Ведь была же эта несомненная отстранённость даже тогда, когда писатель прямо касался церковной темы. Вот берётся он описывать жизнь сельского священника («Священник Кронид», 1905):
«…Он исправно ходит на службу, возвращается домой, венчает, хоронит, звонит в колокола с приближёнными дьячками и стариками, и куда-то ведёт за собой приход…Крон в это время работает уже в церкви; ему теперь много надо молиться и хлопотать: то читать Евангелие, то опять причащать и исповедовать…» (7,199–200).
Кажется, ничем не отличается этот человек от любого иного трудяги, один скупой перечень дел и забот можно заменить на другой — и выйдет описание жизни хочешь чиновника, хочешь мужика, хочешь кого угодно. Смысл этой отчасти суеты тоже не вполне ясен:
Время спустя в рассказе «Церковь» (1913) писатель попытался точнее осмыслить бытие сельского священника: о. Нил (ничем, в сущности, не отличающийся от о. Кронида, разве что именем) с достоинством заявляет своему оппоненту в пылу возникшего спора:
«Вы, кажется, не совсем в порядке, Фаддей Ильич, если сочли меня католиком. Я русский священник, сорок лет учу и до конца дней буду проповедовать Евангелие, так как это высочайшая истина-с…» (7,210).
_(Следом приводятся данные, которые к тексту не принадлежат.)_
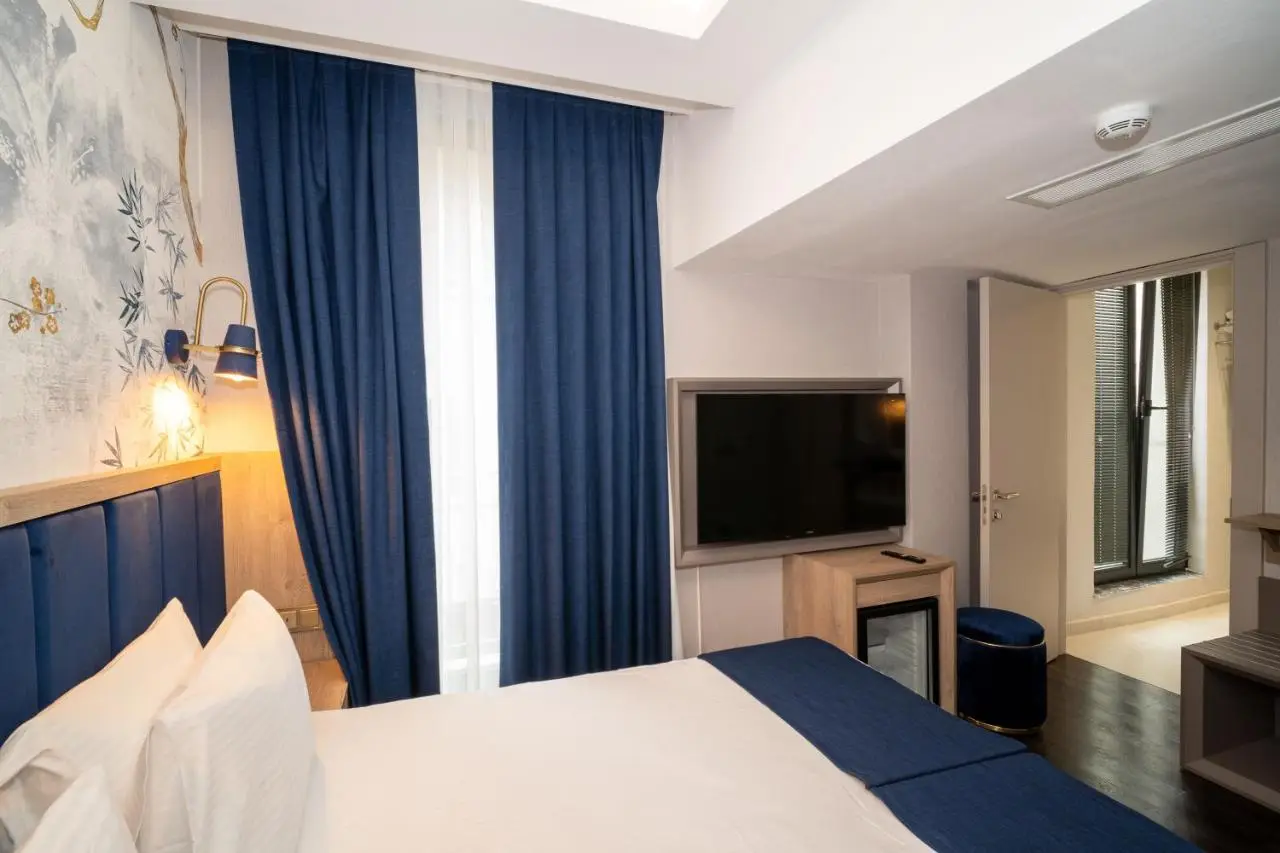Querencia Hotel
Трогательно это противопоставление православной проповеди Евангелия католицизму.
С краешку Зайцев касается и более важной проблемы церковной жизни, оскудения веры, но дальше некоторого поверхностного суждения не идёт:
«Когда о. Нил возвращался, уже светало. Он был в отличном настроении и думал о церкви. Одно его немного смущало: отчего всё меньше становится истинно верующих? Над ними, священниками, часто смеются, в церковь, действительно, ходят мало. “Надо певчих завести, певчих, — соображал он, — из учеников. Пусть стараются. Православные любят пение”. Эта мысль его утешила. Почти у калитки дома он остановился… В сереющей мгле, за рекой, виднелись копны; Венера у горизонта сияла слезой — мир был так мирен, сладостен, нежен, как стих акафиста. Благословен Бог наш, всегда, ныне и присно и во веки веков» (7,212).